Reproduce the records below in full and word for word, excluding pictures.

######

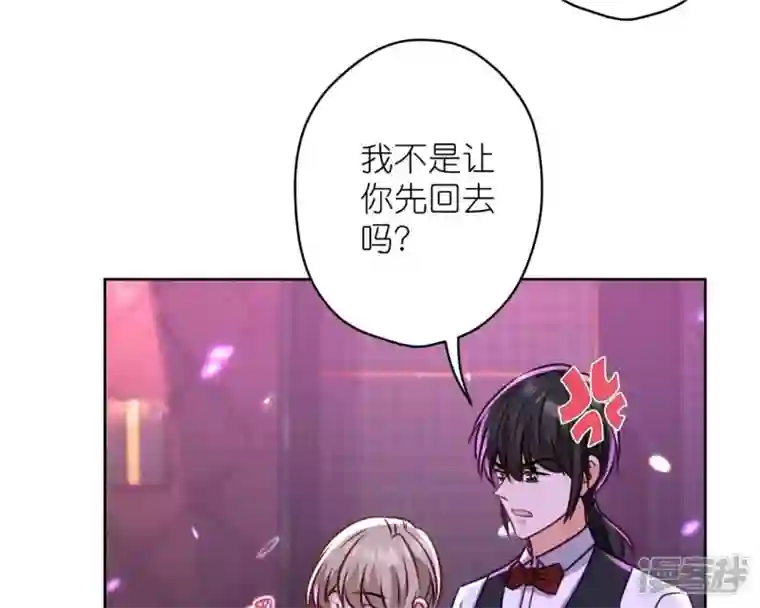 最豪赘婿 龙王殿第211话 深入虎穴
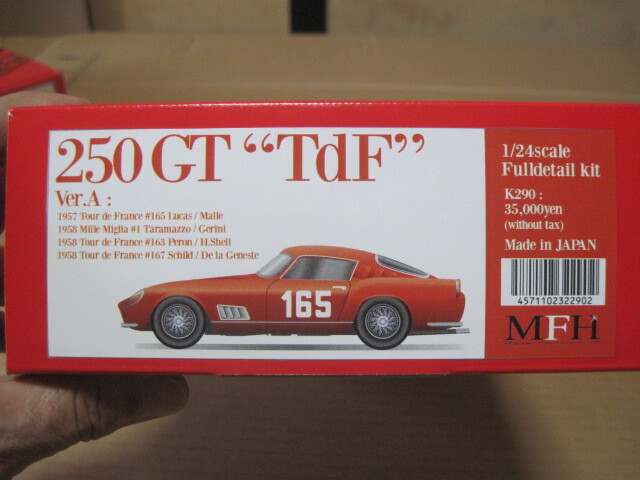 ホビーフォーラム限定品1/24モデルファクトリーヒロMFH2024LM RED Yahoo!オークション -「(1/24 1:24) フェラーリ」の落札相場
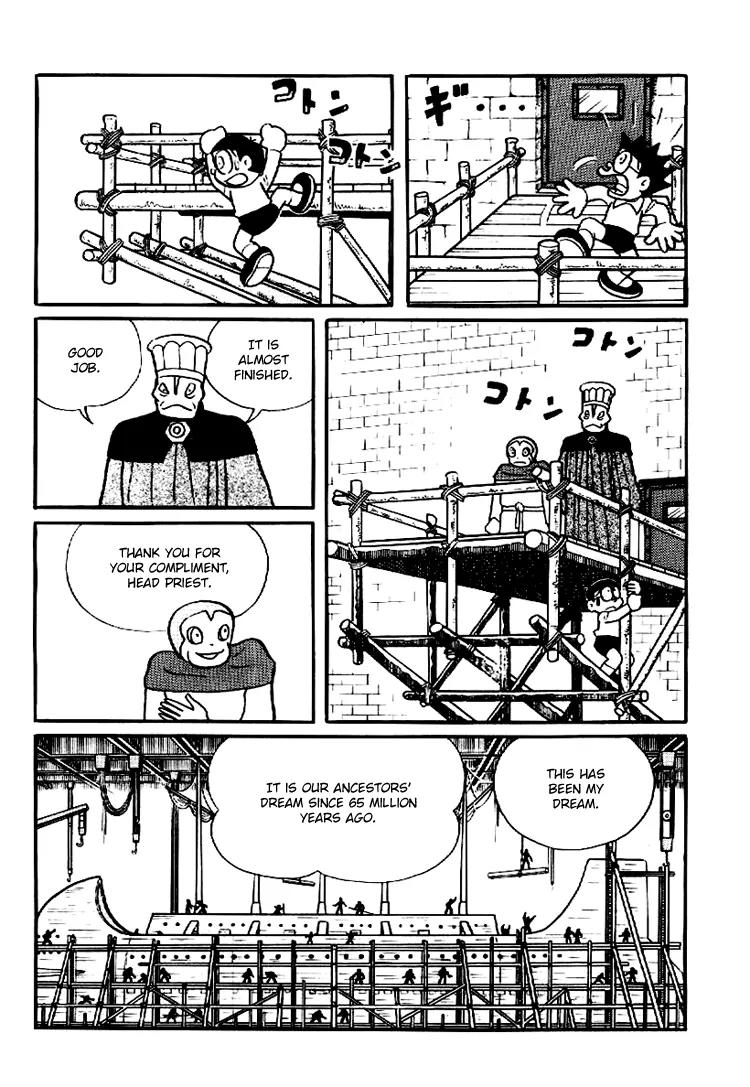 Doraemon Long Stories Chapter 8.4 page 13 - Vol.8 Chapter 4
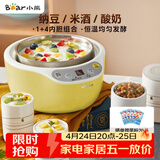 小熊（Bear） 酸奶机 家用全自动米酒机不锈钢内胆酸奶发酵 陶瓷4分杯 SNJ-B10K1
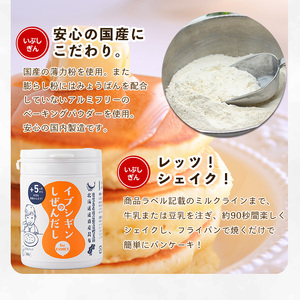 パンケーキミックス Let's Shake!PANCAKE 150g×5本 オリッジ IB034-001 パンケーキ パンケーキ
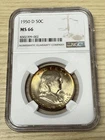 1950 d 50c Franklin Half NGC MS 66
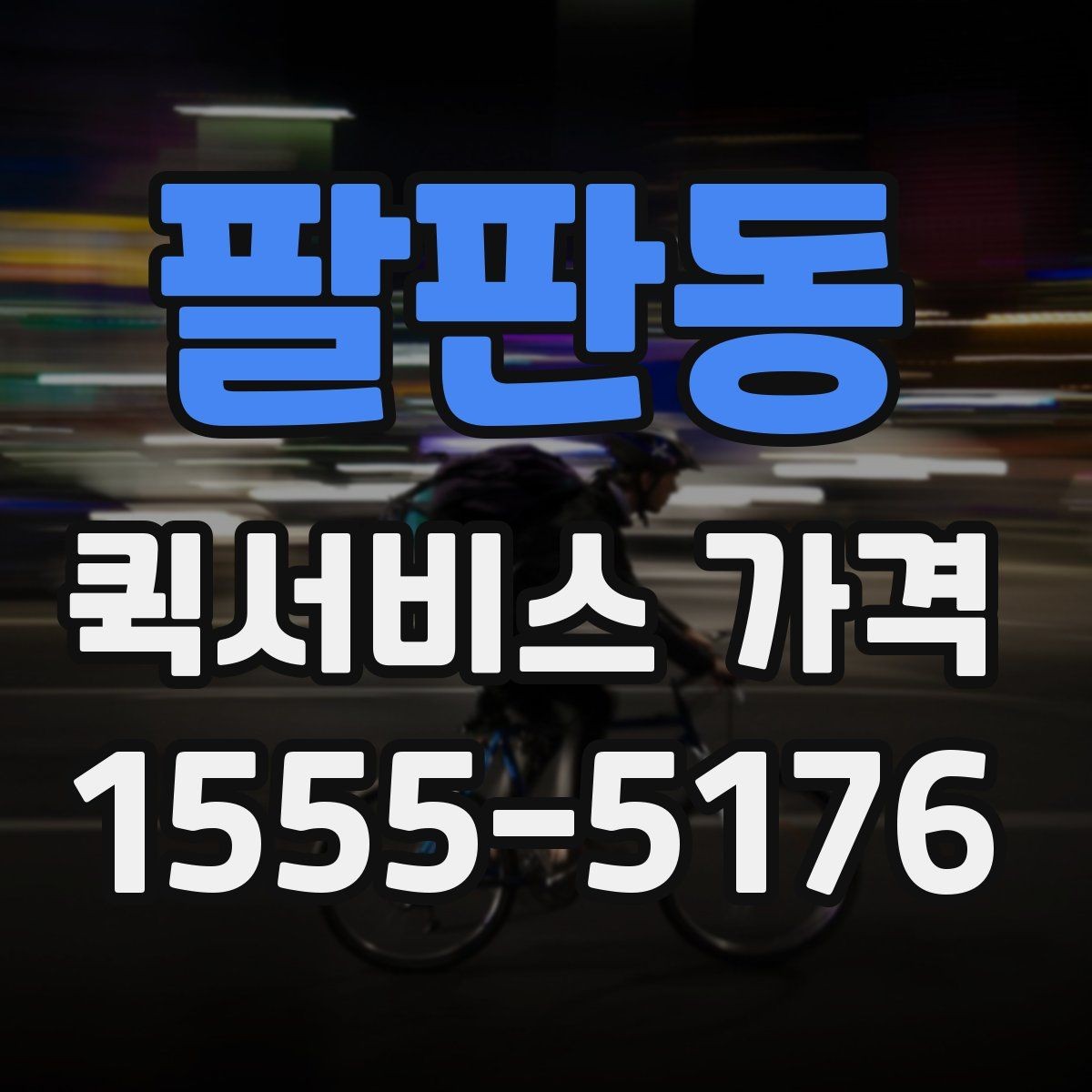 팔판동 퀵서비스 가격 비교 시 포함 여부를 확인할 항목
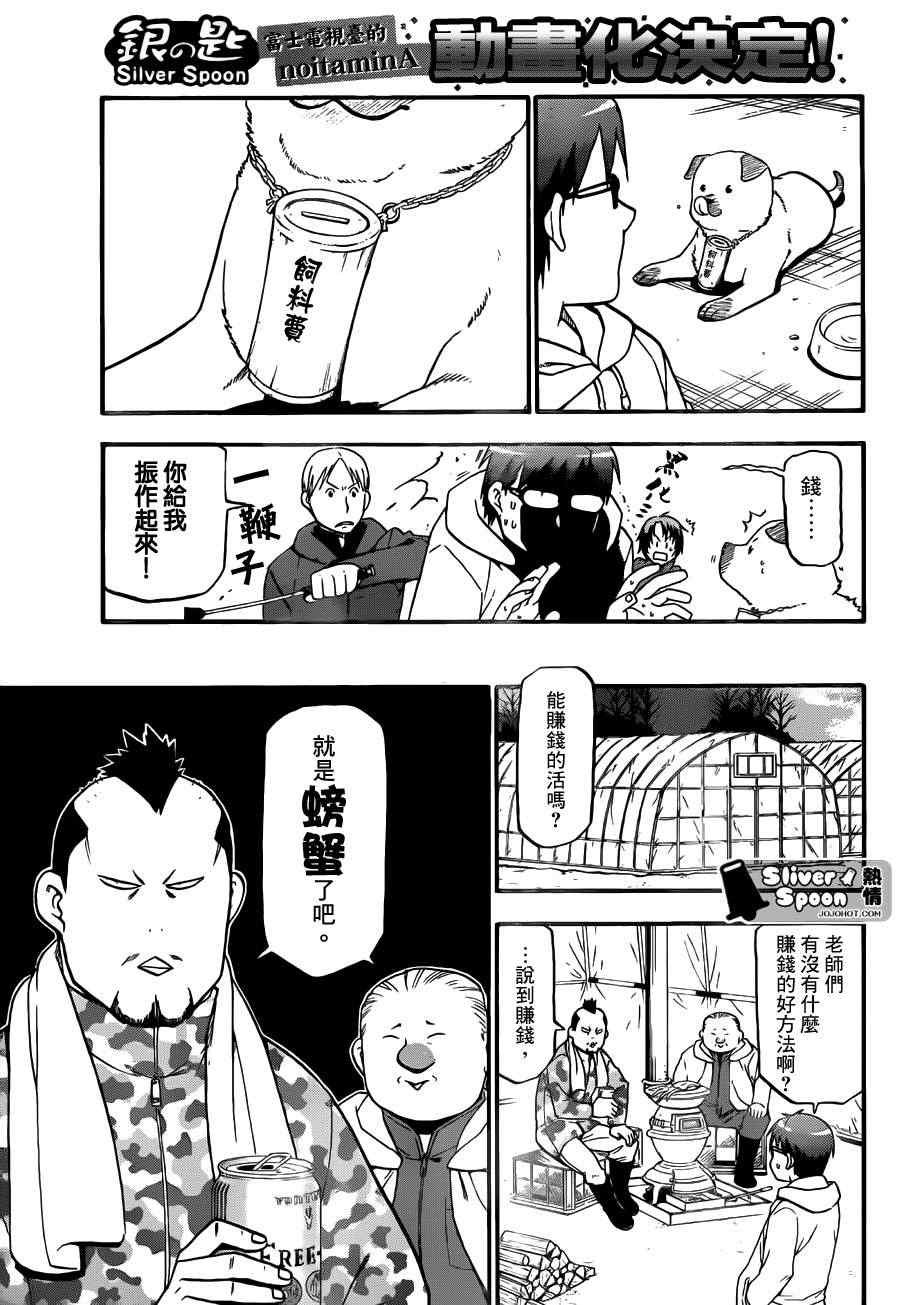 第65话 冬之卷②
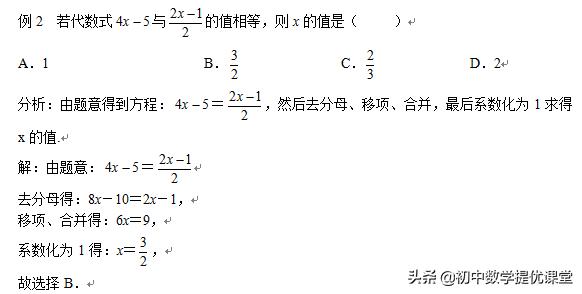 Java 一元一次方程求解 七年级数学上册一元一次方程常见考点例析 原创 Weixin 的博客 Csdn博客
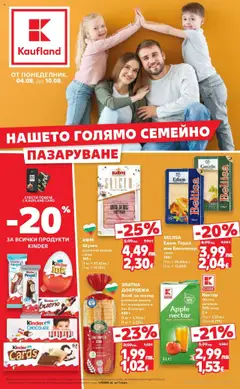 Cедмична брошура на Кауфланд валиден от 04.08.2025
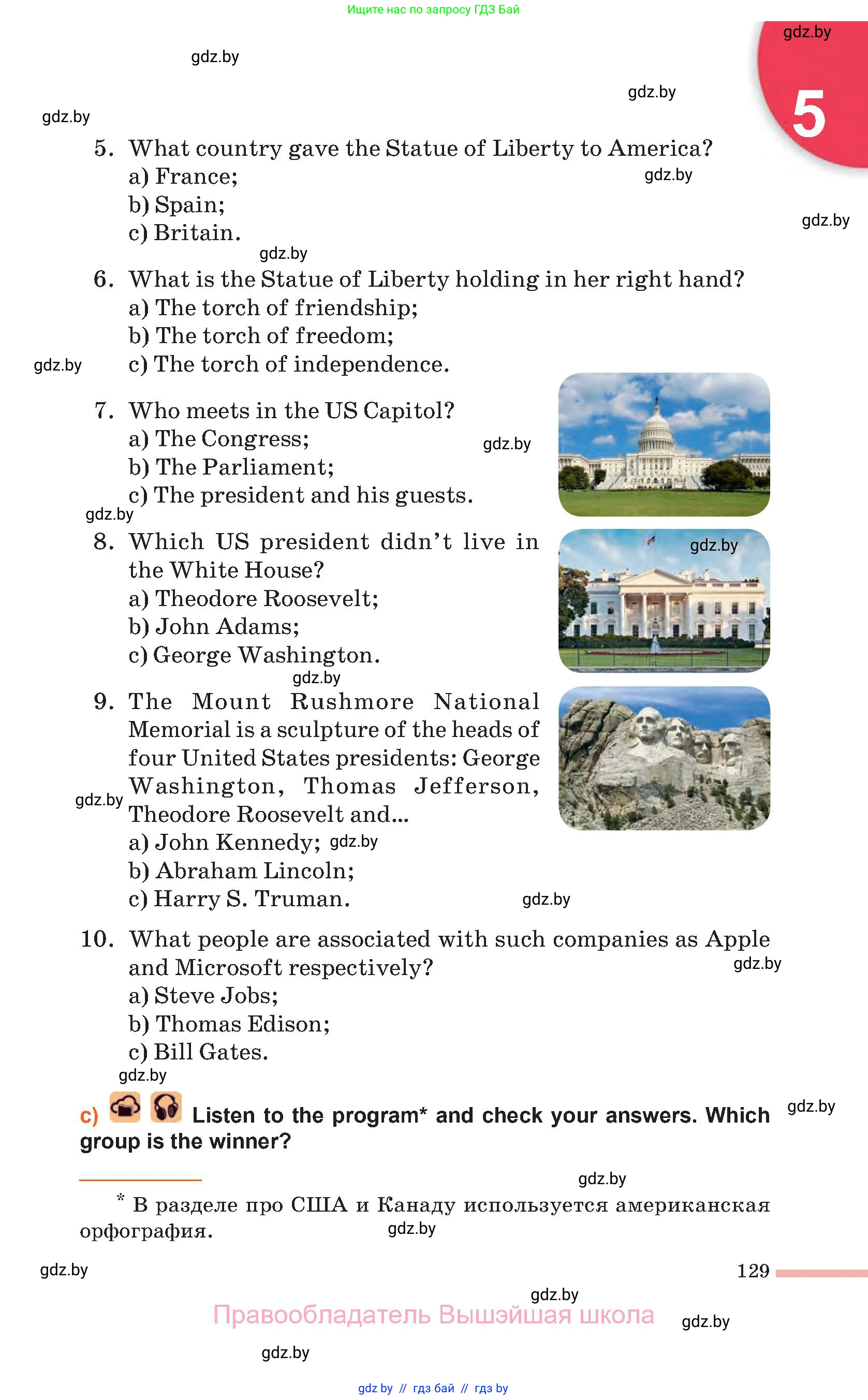 Английский язык (english), 11 класс Учебник (Student's book), авторы: Юхнель Наталья Валентиновна, Демченко Наталья Валентиновна, Романчук Вероника Романовна, Малиновская Елена Александровна, Севрюкова Татьяна Юрьевна, Бушуева Эдите Владиславовна, Наумова Елена Георгиевна, Яковчиц Т Н, издательство Вышэйшая школа, Минск, 2021, бирюзового цвета, страница 129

######

# COMPLETED TASK
 最豪赘婿 龙王殿第211话 深入虎穴
 ホビーフォーラム限定品1/24モデルファクトリーヒロMFH2024LM RED Yahoo!オークション -「(1/24 1:24) フェラーリ」の落札相場
 Doraemon Long Stories Chapter 8.4 page 13 - Vol.8 Chapter 4
 小熊（Bear） 酸奶机 家用全自动米酒机不锈钢内胆酸奶发酵 陶瓷4分杯 SNJ-B10K1
 パンケーキミックス Let's Shake!PANCAKE 150g×5本 オリッジ IB034-001 パンケーキ パンケーキ
 1950 d 50c Franklin Half NGC MS 66
 팔판동 퀵서비스 가격 비교 시 포함 여부를 확인할 항목
 第65话 冬之卷②
 Java 一元一次方程求解 七年级数学上册一元一次方程常见考点例析 原创 Weixin 的博客 Csdn博客
 Cедмична брошура на Кауфланд валиден от 04.08.2025
 Английский язык (english), 11 класс Учебник (Student's book), авторы: Юхнель Наталья Валентиновна, Демченко Наталья Валентиновна, Романчук Вероника Романовна, Малиновская Елена Александровна, Севрюкова Татьяна Юрьевна, Бушуева Эдите Владиславовна, Наумова Елена Георгиевна, Яковчиц Т Н, издательство Вышэйшая школа, Минск, 2021, бирюзового цвета, страница 129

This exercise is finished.